Depois, como nem todos conseguiram aceder às divisas, as empresas e os cidadãos tiveram de passar a recorrer à rua, ao mercado cambial informal. Quem conseguia divisas no mercado formal revendia com margens que atingiram 200%. Quem tirava benefício disso não era o cidadão comum. O kwanza, ao câmbio oficial, estava sobrevalorizado em mais de 70%. Assim, a anterior política cambial não era sustentável.

Conclusões

É claro que a política cambial seguida nos últimos anos da Presidência de José Eduardo dos Santos foi catastrófica, conduzindo o País a um beco sem saída. Arruinou-se a produção nacional, ao mesmo tempo que se esgotaram as reservas financeiras. Portanto, era imperativo optar por uma política cambial diferente, no sentido da flexibilidade.

O BNA optou por ser drástico e aguentar o sofrimento no curto prazo, esperando com isso estabilizar a economia, enquanto outros defendiam uma progressão mais cautelosa e por etapas, para não agravar os sacrifícios já tão intensos da população.

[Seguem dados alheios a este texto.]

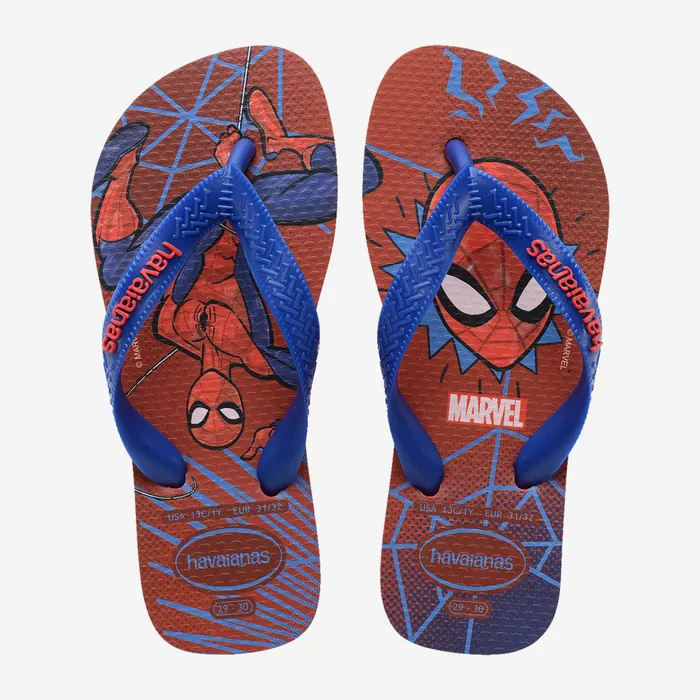 Havaianas Top Marvel II Teenslippers Junior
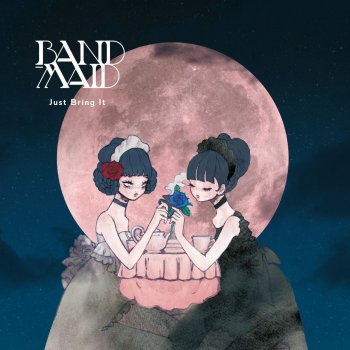 BAND-MAID secret My lips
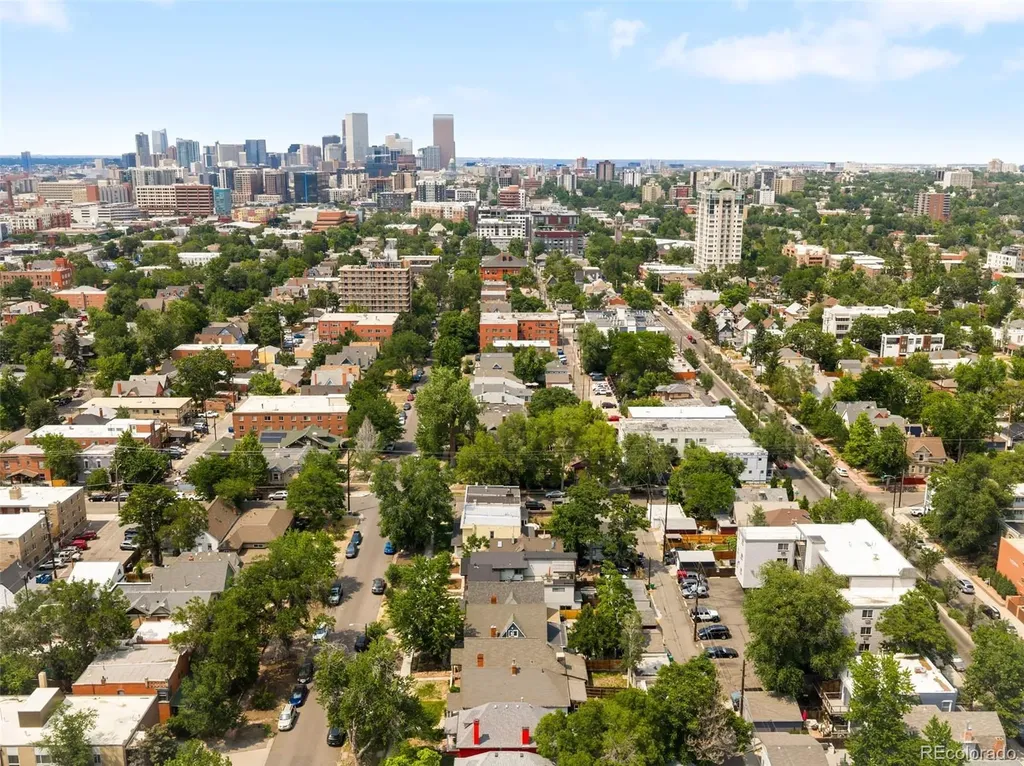 30 S Grant Street Denver CO 80209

A divergência reside no prazo e na velocidade da implementação das medidas, porque, numa situação de excepção económica como a presente, insistir em manter uma política ultraliberal sem qualquer controlo no valor da moeda pode ter um efeito contrário ao que o BNA pretende: a economia pode ficar descontrolada, tendo em conta o descontrolo cambial existente e o consequente aumento drástico da taxa de inflação, que já se observa ao nível dos bens essenciais.